Ein bisserl verwuschelt kehren wir nach 3 Stunden Abenteuer Hochsee in den Hafen von Victoria zurück. Ja die Ausbeute hat's gebracht, die Kosten haben wir wieder drin. Kurz die Kosten 2 Adults 105,- Dollar p. P. für 3 Stunden Wale inkl. Garantie, falls es nicht klappt an einem Tag unserer Wahl noch einmal, auch in Vancouver möglich, das nenne ich fair.

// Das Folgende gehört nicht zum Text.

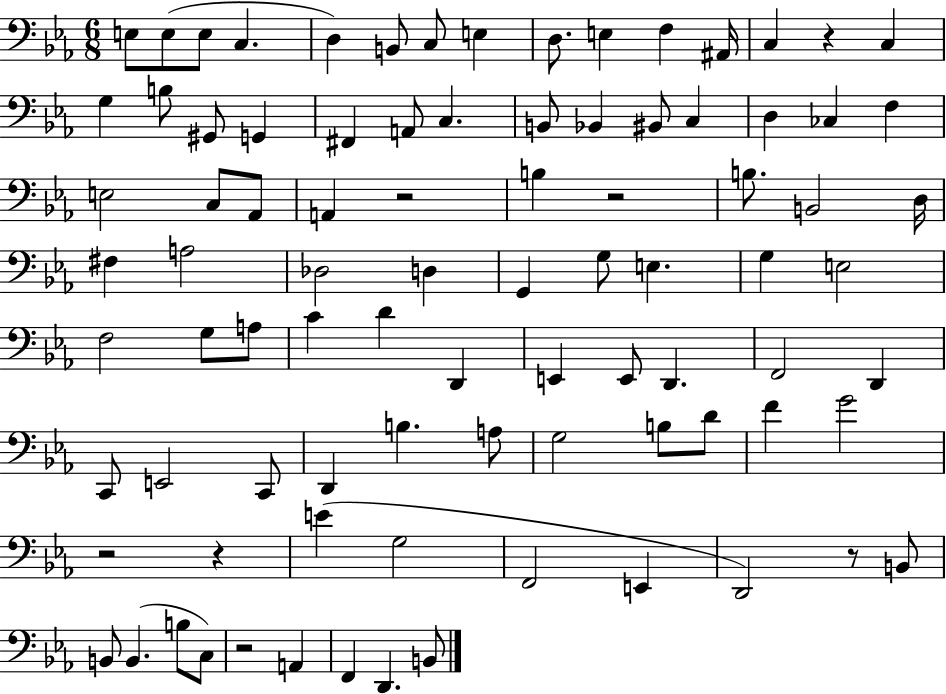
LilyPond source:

{
  \clef bass
  \numericTimeSignature
  \time 6/8
  \key ees \major
  \repeat volta 2 { e8 e8( e8 c4. | d4) b,8 c8 e4 | d8. e4 f4 ais,16 | c4 r4 c4 | \break g4 b8 gis,8 g,4 | fis,4 a,8 c4. | b,8 bes,4 bis,8 c4 | d4 ces4 f4 | \break e2 c8 aes,8 | a,4 r2 | b4 r2 | b8. b,2 d16 | \break fis4 a2 | des2 d4 | g,4 g8 e4. | g4 e2 | \break f2 g8 a8 | c'4 d'4 d,4 | e,4 e,8 d,4. | f,2 d,4 | \break c,8 e,2 c,8 | d,4 b4. a8 | g2 b8 d'8 | f'4 g'2 | \break r2 r4 | e'4( g2 | f,2 e,4 | d,2) r8 b,8 | \break b,8 b,4.( b8 c8) | r2 a,4 | f,4 d,4. b,8 | } \bar "|."
} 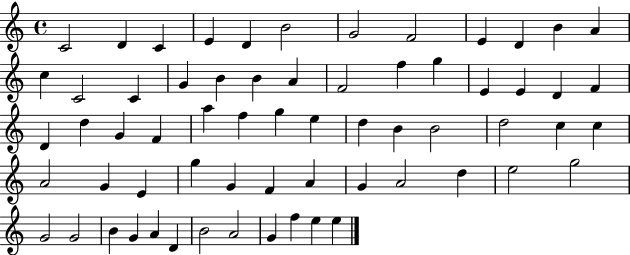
C4/h D4/q C4/q E4/q D4/q B4/h G4/h F4/h E4/q D4/q B4/q A4/q C5/q C4/h C4/q G4/q B4/q B4/q A4/q F4/h F5/q G5/q E4/q E4/q D4/q F4/q D4/q D5/q G4/q F4/q A5/q F5/q G5/q E5/q D5/q B4/q B4/h D5/h C5/q C5/q A4/h G4/q E4/q G5/q G4/q F4/q A4/q G4/q A4/h D5/q E5/h G5/h G4/h G4/h B4/q G4/q A4/q D4/q B4/h A4/h G4/q F5/q E5/q E5/q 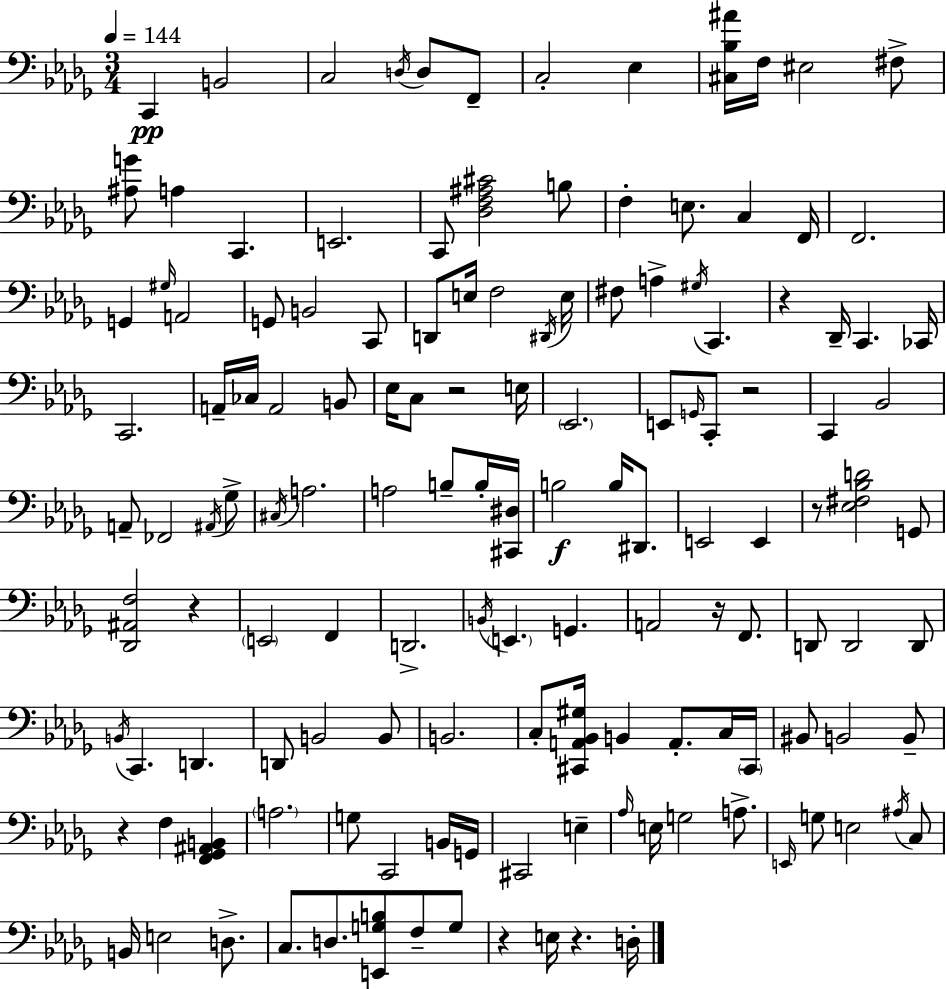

Jetzt noch schnell mit dem Hopper einen Rundflug, haha, ist ein "geflügelter Scherz" zwischen meinem Mann und mir. Jetzt wo wir 2 Seilbahnen "bezwungen" haben, kann uns nichts mehr schrecken und wir fühlen uns furchtlos. (Dank unserer panische Flugangst steigen wir da nicht ein, denn in Kanada sind wir ja schon, warum sich das freiwillig noch einmal antun).

Ha, fast wie Agatha Christies Tod auf dem Nil mit Sir Peter Ustinov, oder?

Also mit Blumen haben sie es hier in Kanada, "Welcome to Victotia" mit Tausenden von Blümchen, schau Schatzi Blüm...... ups, das böse B-Wort.
Hier liebe Bianca, kommt dein spezielles "Foto des Tages", ein Weiteres folgt in dem  Tagesbericht von Morgen und das Beste Motiv ist schon ausgespäht und muss noch gemacht werden. Liebe Grüße auch an Chris und Lena.

Kurz noch einmal an der save on foods-Eventhalle gehalten. Hier fand heute ein Auswahltraining der Victoria Royals statt. Das ist die zweite Profi-Liga in Nordamerika.
Leider haben wir dieses verpasst und dafür 1300 Walfotos, Schatz, das hat doch auch was, oder?


Beweisfotos gibts trotzdem.


In Front der Halle ein typischer Yummytruck. Das ist ein klassischer Futterversorger für Menschenansammlungen.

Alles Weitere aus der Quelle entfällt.